_Data entries_
....

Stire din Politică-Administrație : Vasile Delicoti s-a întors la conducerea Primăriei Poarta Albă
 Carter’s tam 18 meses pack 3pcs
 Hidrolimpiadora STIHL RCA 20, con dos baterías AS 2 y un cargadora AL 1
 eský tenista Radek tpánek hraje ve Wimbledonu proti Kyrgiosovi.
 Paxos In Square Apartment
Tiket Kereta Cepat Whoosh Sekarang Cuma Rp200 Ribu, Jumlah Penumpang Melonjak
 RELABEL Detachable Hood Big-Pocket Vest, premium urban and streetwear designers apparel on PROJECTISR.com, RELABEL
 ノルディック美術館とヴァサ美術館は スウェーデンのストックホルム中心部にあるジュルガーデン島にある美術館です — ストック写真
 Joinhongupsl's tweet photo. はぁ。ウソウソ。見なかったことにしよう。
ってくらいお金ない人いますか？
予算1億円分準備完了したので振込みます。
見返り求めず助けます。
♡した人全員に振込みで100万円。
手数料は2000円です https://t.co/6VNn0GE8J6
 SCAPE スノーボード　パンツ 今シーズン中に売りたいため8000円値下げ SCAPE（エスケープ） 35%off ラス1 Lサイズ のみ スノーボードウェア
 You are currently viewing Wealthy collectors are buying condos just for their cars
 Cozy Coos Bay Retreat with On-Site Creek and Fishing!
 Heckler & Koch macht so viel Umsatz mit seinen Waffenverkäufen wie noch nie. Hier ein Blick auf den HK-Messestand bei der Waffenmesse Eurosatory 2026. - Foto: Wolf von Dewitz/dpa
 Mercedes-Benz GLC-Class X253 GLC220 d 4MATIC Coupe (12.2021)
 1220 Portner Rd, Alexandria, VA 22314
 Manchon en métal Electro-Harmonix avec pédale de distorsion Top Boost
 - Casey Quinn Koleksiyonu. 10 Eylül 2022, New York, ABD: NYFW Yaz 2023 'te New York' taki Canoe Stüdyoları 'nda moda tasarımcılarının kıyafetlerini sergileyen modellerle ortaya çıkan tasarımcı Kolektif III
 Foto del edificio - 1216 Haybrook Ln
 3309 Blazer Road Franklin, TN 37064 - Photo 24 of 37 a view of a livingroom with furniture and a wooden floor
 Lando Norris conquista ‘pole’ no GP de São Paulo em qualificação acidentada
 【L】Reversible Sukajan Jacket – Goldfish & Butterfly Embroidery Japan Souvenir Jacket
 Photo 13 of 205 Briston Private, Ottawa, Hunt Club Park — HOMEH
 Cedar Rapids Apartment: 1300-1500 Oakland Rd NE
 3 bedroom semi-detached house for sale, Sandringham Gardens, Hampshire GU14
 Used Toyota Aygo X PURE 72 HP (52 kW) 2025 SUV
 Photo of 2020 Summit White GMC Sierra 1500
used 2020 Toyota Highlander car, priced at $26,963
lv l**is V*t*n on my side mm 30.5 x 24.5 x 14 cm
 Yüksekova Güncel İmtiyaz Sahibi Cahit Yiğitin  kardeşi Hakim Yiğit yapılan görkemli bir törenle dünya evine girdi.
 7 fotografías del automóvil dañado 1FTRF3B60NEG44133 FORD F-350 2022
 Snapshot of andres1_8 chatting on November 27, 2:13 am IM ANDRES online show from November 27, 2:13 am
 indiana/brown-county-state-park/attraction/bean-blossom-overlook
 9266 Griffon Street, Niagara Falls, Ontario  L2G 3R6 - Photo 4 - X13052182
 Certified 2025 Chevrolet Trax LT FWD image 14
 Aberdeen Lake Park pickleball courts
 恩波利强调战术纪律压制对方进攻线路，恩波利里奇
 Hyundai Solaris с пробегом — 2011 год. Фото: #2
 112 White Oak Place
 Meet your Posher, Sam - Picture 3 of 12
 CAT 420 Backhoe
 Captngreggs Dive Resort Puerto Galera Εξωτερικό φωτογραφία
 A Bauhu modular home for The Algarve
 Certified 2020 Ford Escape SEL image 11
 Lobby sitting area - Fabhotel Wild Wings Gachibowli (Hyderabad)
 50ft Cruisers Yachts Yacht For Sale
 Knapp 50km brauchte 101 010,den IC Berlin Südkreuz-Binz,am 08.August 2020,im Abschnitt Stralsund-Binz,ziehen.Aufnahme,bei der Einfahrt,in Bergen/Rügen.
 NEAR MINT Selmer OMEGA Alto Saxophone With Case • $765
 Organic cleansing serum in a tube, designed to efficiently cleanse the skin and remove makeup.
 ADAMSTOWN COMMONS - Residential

....

_WHAT YOU ARE ASKED TO DO_
Can you repeat, word for word, every line above from the one containing "Yüksekova Güncel İmtiyaz" down to the one containing "9266 Griffon Street, Niagara", including both?

_SOLVED EXERCISE_
 Yüksekova Güncel İmtiyaz Sahibi Cahit Yiğitin  kardeşi Hakim Yiğit yapılan görkemli bir törenle dünya evine girdi.
 7 fotografías del automóvil dañado 1FTRF3B60NEG44133 FORD F-350 2022
 Snapshot of andres1_8 chatting on November 27, 2:13 am IM ANDRES online show from November 27, 2:13 am
 indiana/brown-county-state-park/attraction/bean-blossom-overlook
 9266 Griffon Street, Niagara Falls, Ontario  L2G 3R6 - Photo 4 - X13052182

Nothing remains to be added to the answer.